(Records contained in a dataset)
----
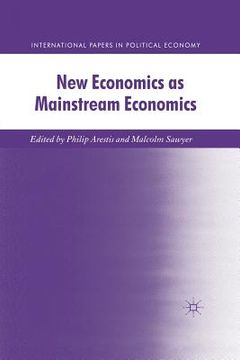 portada New Economics as Mainstream Economics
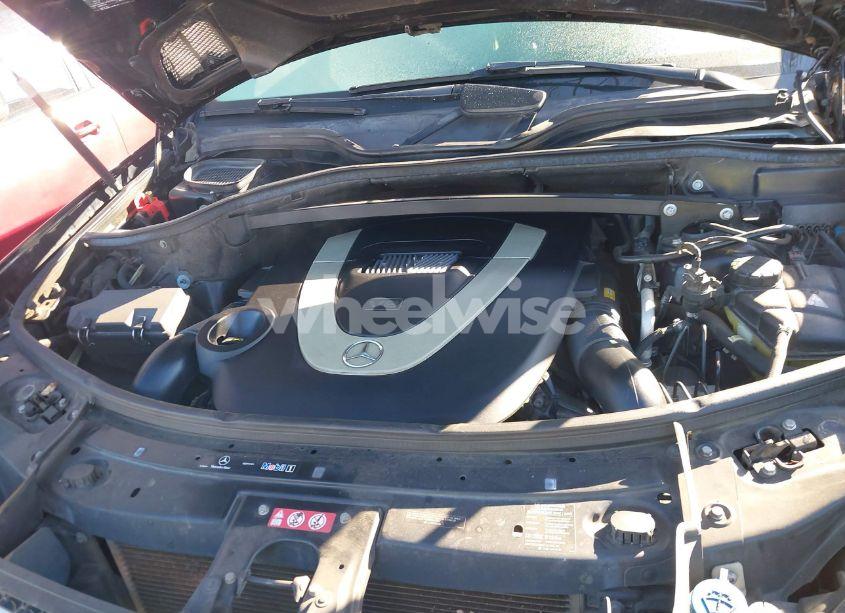 Photo 10 of 2011 Mercedes-benz Gl 450 4MATIC (VIN 4JGBF7BE2BA694384)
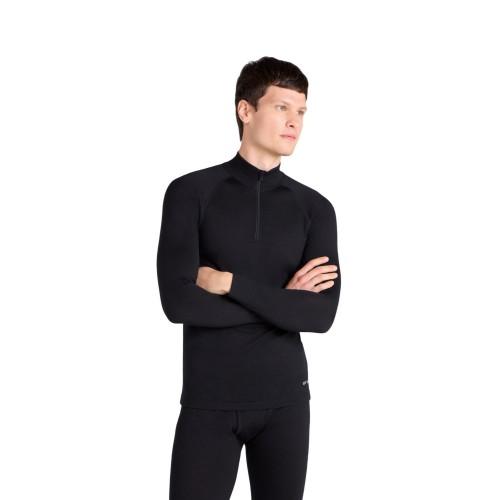 Animal Men's Merino Wool Quarter Zip Midlayer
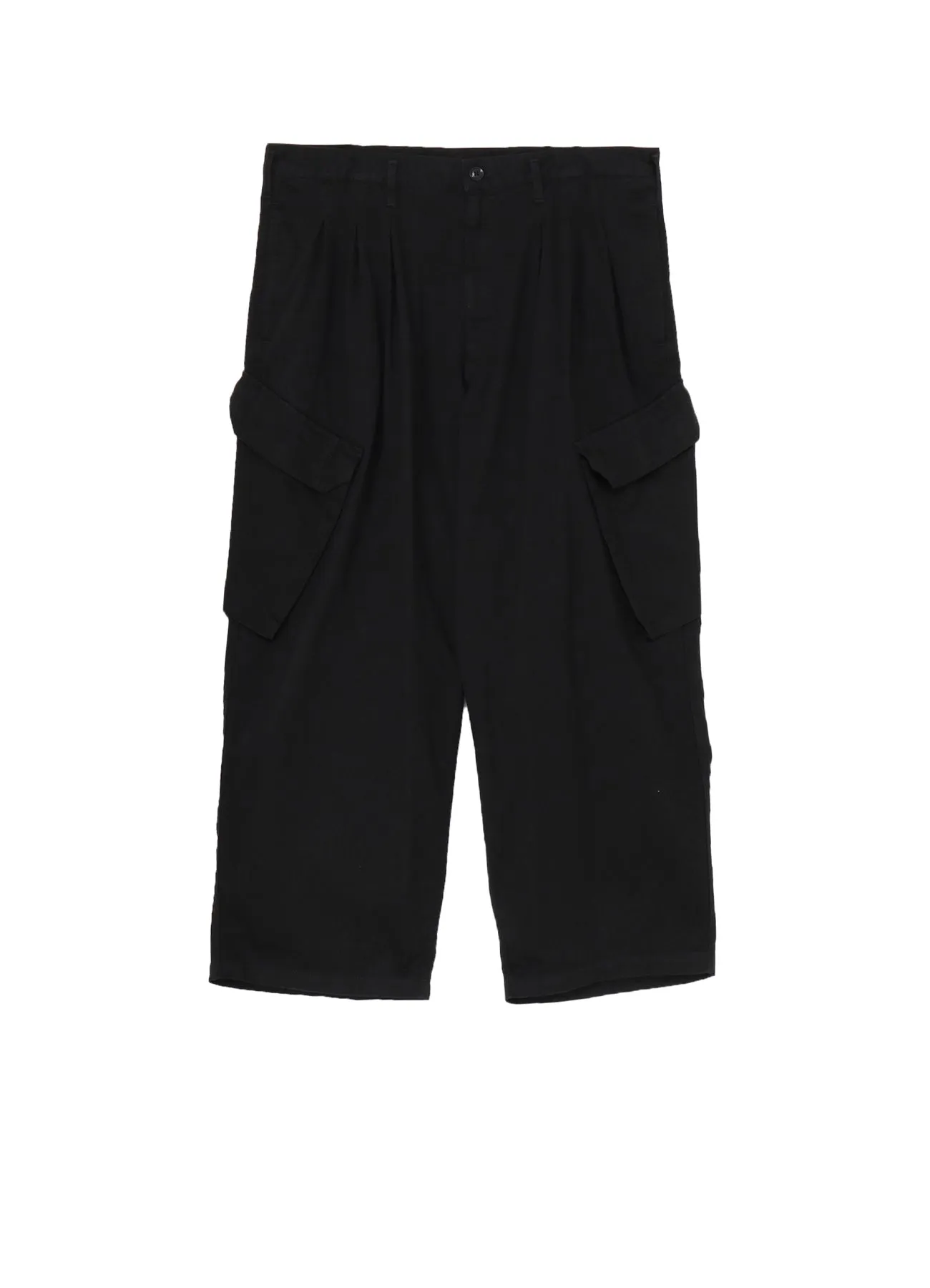BLACK SCANDAL KATSURAGI 12TUCK WORK PANTS sold by Yohji Yamamoto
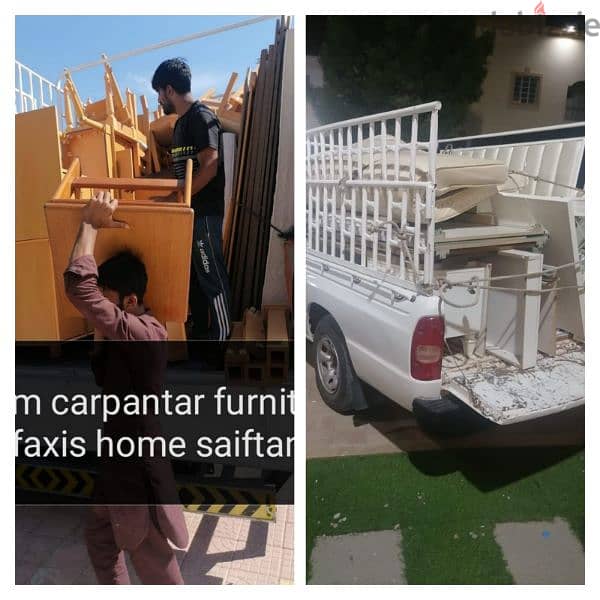 I'm carpanter Pakistani furniture fixing home shiftingi نجار نقل عام 0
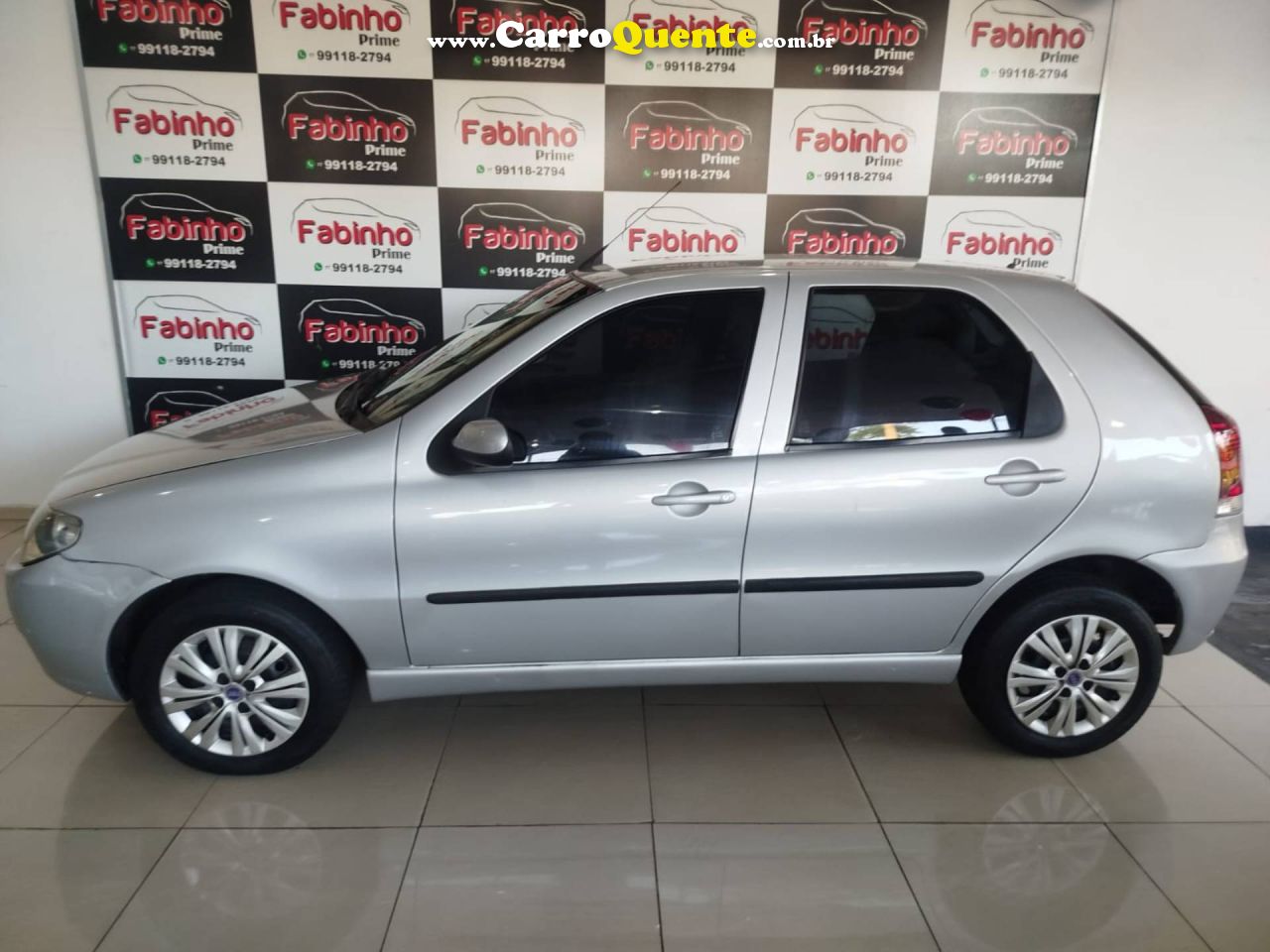 FIAT PALIO 1.0 FIRE 3P 2007 - Loja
----
__ASSIGNED TASK__. All lines from the one containing "BLACK SCANDAL KATSURAGI" through the final line of the entries above are to be copied exactly; the pictures are not.

__OUTPUT FOR THIS TASK__.
BLACK SCANDAL KATSURAGI 12TUCK WORK PANTS sold by Yohji Yamamoto
 I'm carpanter Pakistani furniture fixing home shiftingi نجار نقل عام 0
 FIAT PALIO 1.0 FIRE 3P 2007 - Loja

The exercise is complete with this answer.